Casey Sapio-USA TODAY Sports
We have seen the issue crop up every now and then, but recent moves, trials and potential trades have shown just how embarrassing "Discovery Claims" are to this league.
Imagine this. You're a player coming from somewhere not the United States or Canada. You have held talks with a number of MLS clubs and have begun negotiations with one in particular, let's say the Chicago Fire (just to keep this hypothetical out of our back yard).You're about to sign a contract with them when everything is put on hold. Apparently DC United has a "discovery claim" on you and wants something from Chicago for your rights, even though you never had any intention of joining DC United.
Welcome to the world of Major Leaugue Soccer.
There are quite a few reasons to smash your head against the wall when it comes to MLS rules and regulations, but one of the worst offenders is absolutely the discovery claim rule. It's already well known that MLS controls its teams and players in a cartel sort of manner (players sign with the league, for instance), but the use of discovery claims seems to add on an extra layer of convoluted mess, as well as an insult to players who might want to ply their trade here.
Here's how it works:
Clubs may make discovery claims on players not yet under MLS contract who are not subject to the allocation ranking or lottery mechanisms.
Each club has the opportunity to make six discovery signings per season (expansion teams may make 10 discovery signings in their inaugural season). A club may have up to 10 discovery claims on unsigned players at any time and may remove or add players at any time. The last day for discovery player signings is September 15, 2012 - coinciding with the roster freeze date and trade deadline.

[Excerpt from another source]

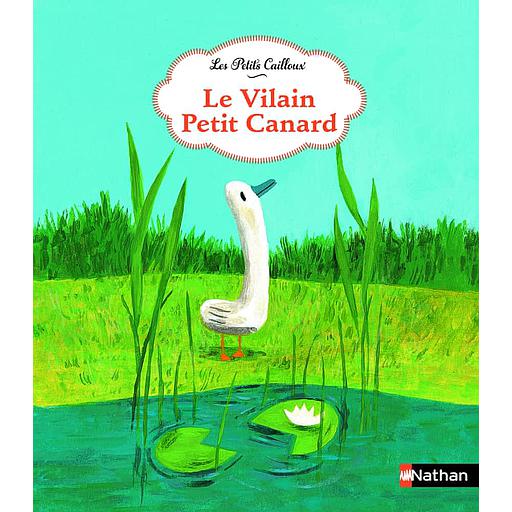 Le vilain petit canard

The six discovery signings can be used to fill senior roster spots only. If multiple clubs claim the same player using a discovery, the club that filed the claim first will have first rights to the player. Discovery claims expire following each season. If the League and player are unable to reach an agreement during the season, the club that first filed the discovery retains the right of first refusal in the event the player is later signed by the League.
Now enter the Portland Timbers, Seattle Sounders, Vancouver Whitecaps, two players and MLS's inane rules.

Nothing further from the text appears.